Assigned task — Transcribe exactly everything in the data below from the line containing "#BORKUM 🌞 - Fahrradtour🚴‍♂️" down to the line containing "Kakuna 003/073 Common", both lines included and nothing further.

Input data —

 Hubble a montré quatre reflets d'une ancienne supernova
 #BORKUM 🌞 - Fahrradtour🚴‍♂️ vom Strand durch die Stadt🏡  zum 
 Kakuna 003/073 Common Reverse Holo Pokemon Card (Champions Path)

--

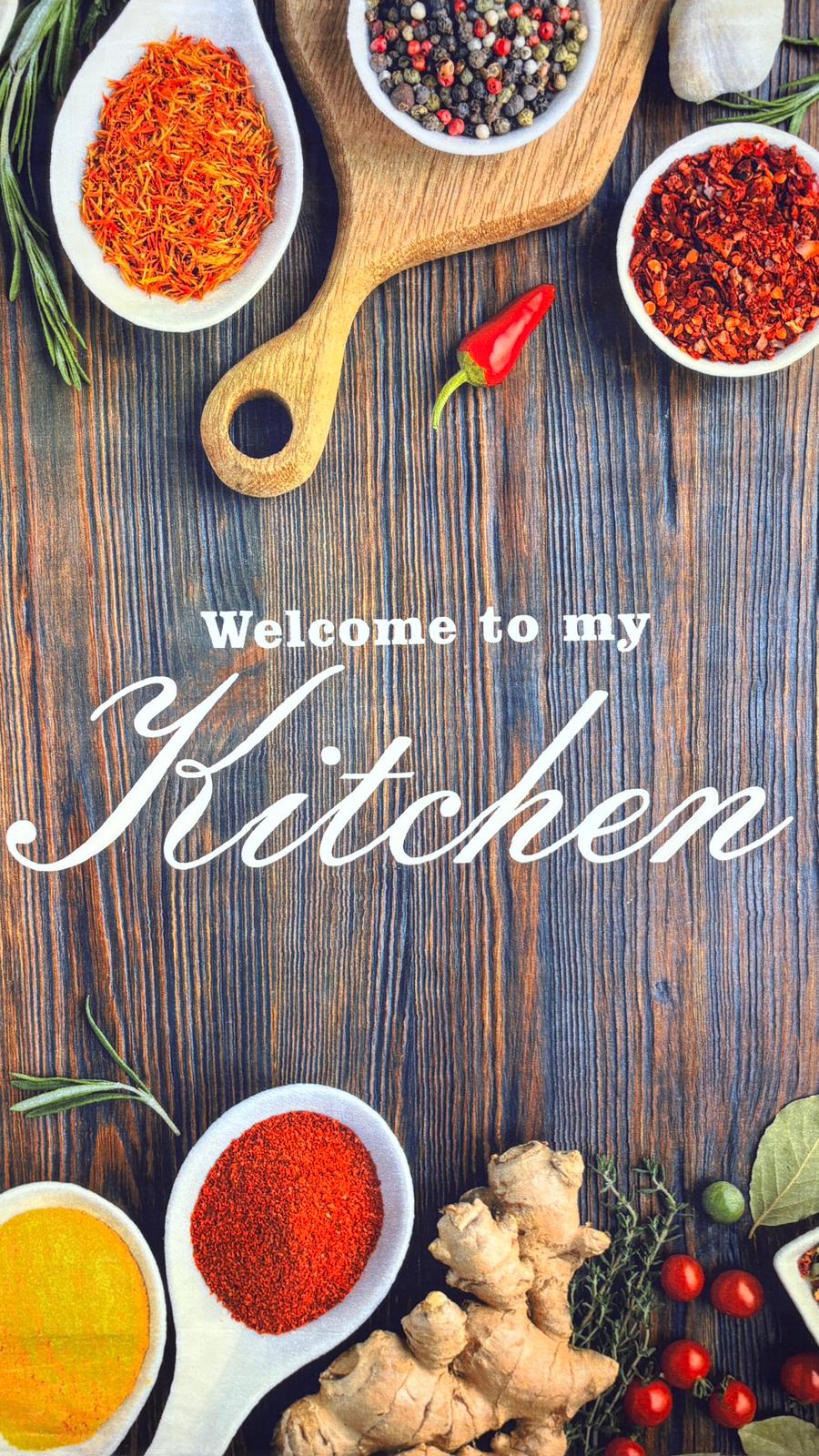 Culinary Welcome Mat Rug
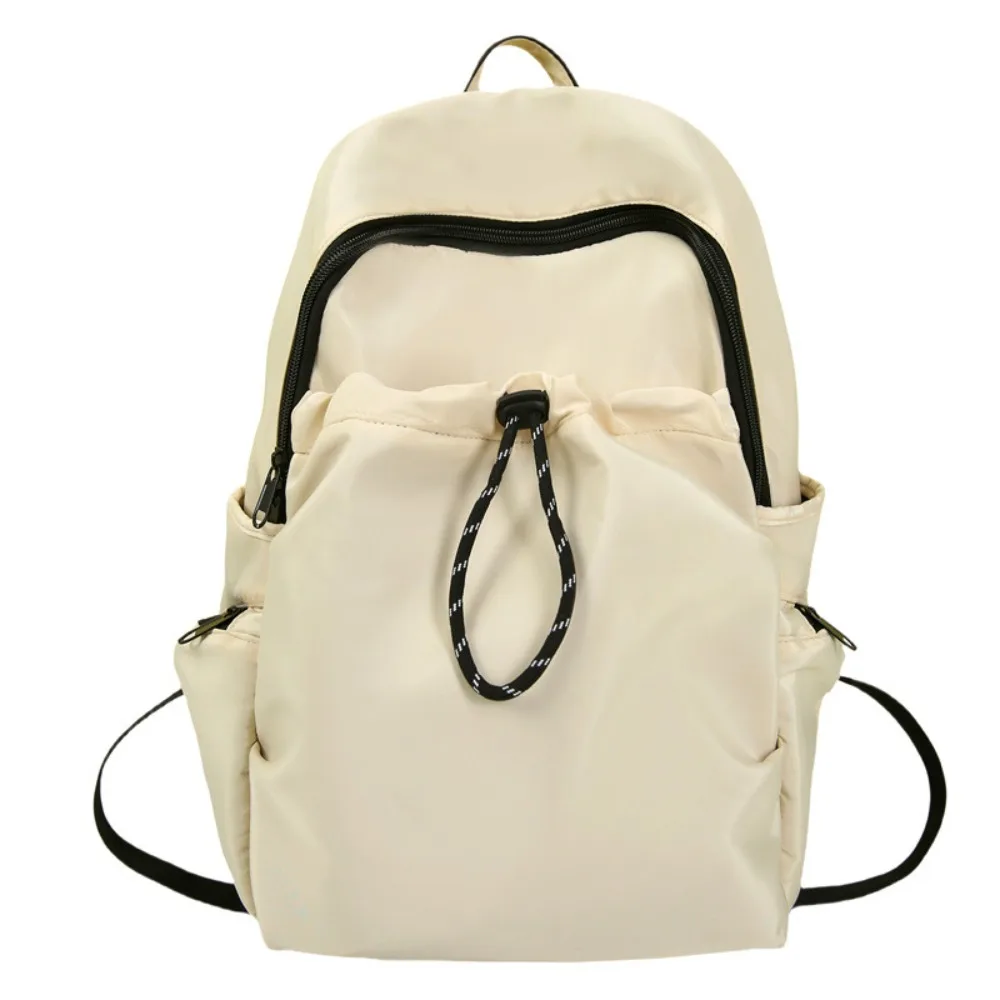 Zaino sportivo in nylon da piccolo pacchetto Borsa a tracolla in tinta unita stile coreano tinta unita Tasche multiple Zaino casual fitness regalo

--

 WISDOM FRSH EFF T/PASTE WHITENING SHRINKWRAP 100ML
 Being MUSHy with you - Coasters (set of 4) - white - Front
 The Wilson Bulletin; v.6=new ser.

Result of this task —
 #BORKUM 🌞 - Fahrradtour🚴‍♂️ vom Strand durch die Stadt🏡  zum 
 Kakuna 003/073 Common Reverse Holo Pokemon Card (Champions Path)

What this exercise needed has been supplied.